Let's say you start with something atom-sized that can replicate something
atom-sized.  You build up until you have enough for each atom in a human
body, then do one more step to replicate said human body.  According to one
site in a quick search, there are roughly 7 * 10^27 atoms in an average
human body.  10^3 is roughly 10 doublings, so this is 93 doublings to get
to the right number + 1 to replicate the human.  If each doubling takes a
week, that's just shy of 2 years...and that's just for something about the
size of a human.

The trick is to find a machine shop setup that can replicate itself fast.
Optimized nanotech allows for precision, but not necessarily speed.

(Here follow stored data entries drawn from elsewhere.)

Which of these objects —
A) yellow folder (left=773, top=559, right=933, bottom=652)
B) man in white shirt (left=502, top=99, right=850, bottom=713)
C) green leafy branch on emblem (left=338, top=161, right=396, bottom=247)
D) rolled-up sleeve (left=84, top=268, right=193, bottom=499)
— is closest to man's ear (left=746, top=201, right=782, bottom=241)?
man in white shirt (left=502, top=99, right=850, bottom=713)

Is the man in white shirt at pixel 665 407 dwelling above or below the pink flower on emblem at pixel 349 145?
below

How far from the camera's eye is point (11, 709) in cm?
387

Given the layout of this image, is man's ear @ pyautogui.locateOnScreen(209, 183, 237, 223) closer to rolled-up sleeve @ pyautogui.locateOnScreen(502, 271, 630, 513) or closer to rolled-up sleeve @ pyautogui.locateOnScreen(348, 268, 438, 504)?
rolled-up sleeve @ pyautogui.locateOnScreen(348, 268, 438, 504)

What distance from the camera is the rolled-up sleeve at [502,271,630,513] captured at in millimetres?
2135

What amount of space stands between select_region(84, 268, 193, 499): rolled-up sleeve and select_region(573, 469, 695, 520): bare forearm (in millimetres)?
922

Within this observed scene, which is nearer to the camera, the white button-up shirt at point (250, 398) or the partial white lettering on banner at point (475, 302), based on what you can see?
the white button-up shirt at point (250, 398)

> > Once you have that set, what can make more of themselves and said
> > manipulators?
> >
> > ...and the control circuitry and power systems?
> >
> > ...and machinery to gather and smelt regolith?
>
> Regolith is not like iron ore.  Even if it was, you don't have the
> carbon and free oxygen to power the smelting.


Yes, granted, this is in the context of being on the Moon and using
regolith.  This is a design challenge, but not an impossibility.

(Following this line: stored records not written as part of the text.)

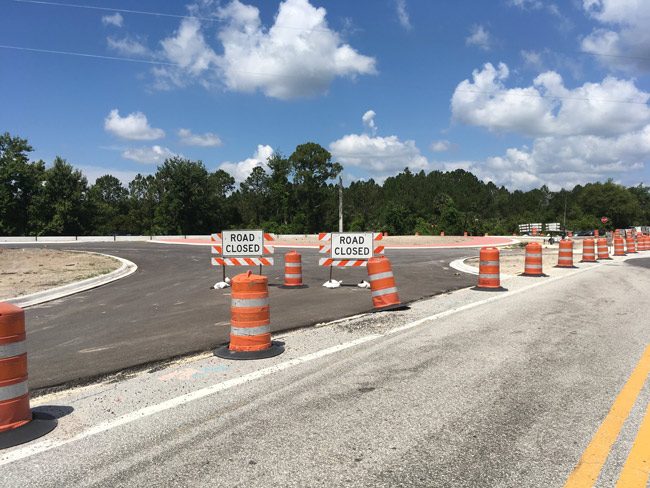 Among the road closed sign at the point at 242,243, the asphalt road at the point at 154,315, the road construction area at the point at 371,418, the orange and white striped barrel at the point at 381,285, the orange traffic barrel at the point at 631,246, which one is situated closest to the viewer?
the road construction area at the point at 371,418

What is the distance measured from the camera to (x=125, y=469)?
3.37 meters

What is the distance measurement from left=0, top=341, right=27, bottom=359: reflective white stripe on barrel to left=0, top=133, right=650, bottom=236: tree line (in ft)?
197

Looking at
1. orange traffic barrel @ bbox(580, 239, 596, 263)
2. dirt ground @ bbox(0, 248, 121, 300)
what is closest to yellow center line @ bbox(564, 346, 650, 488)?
dirt ground @ bbox(0, 248, 121, 300)

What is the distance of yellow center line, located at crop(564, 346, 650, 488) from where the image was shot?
320 centimetres

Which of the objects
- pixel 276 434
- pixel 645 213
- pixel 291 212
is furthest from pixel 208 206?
pixel 645 213

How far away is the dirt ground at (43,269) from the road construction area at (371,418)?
9.14 meters

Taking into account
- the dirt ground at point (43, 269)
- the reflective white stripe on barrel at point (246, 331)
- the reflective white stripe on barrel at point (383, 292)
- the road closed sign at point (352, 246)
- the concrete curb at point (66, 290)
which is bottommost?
the concrete curb at point (66, 290)

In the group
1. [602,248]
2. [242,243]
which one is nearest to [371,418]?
[242,243]

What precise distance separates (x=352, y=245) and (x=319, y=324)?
460cm

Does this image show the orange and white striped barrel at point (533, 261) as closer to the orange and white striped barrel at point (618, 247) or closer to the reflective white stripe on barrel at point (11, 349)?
the orange and white striped barrel at point (618, 247)

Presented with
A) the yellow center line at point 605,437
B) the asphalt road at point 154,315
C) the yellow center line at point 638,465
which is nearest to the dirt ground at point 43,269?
the asphalt road at point 154,315

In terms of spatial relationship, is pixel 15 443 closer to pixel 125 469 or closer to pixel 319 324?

But e.g. you're not making carbonized steel for structural elements.  You'd
more likely use aluminum for that.

Nor can you scale down
> processes that involve a lot of heat.
>

You can, but it's tricky and less efficient.  (CubeCab is doing this a lot,
in a sense.)


> > Rather than focusing on one tool to do it all, think of it as an
> industrial,
> > mostly automated city expanding from a seed.  There will be many things
> it
> > can not fabricate, at least at first.  But if you have a
> limited-capability
> > factory build another such factory, then you have two factories, and I'm
> > sure you're familiar with the math from there.
>
> The critical parameter is replication time.  A lot of the steps like
> chemical sorting out elements are just slow.
>

Rely more on heat, cyclotrons, and diffusion, and less on chemicals.
Besides, chemical processes often turn out to rely on reagents you wouldn't
have up there.


> Not trying to be a wet blanket on the subject, but it is way harder
> than it looks.
>

Oh, quite agreed.  If it were easy it'd have been solved by now.  You have
to discard a lot of processes that would be the obvious way to do it on
Earth, and rely on or come up with ones that would work on the Moon.  And
then you have to come up with a means of fairly rapid replication.  Nothing
suggests that it is physically impossible; it's just that we don't know how
to do it all yet.

I anticipate a growing number of lunar experiments over time to try to
solve subsets of this problem (as lunar access for small-budget experiments
becomes more and more practical over the next several years), prior to a
full-up bootstrapped lunar factory becoming viable.  And you do (or, at
least, someone does) have to break the problem down into subproblems in
order to solve the whole thing, at least from where we are now.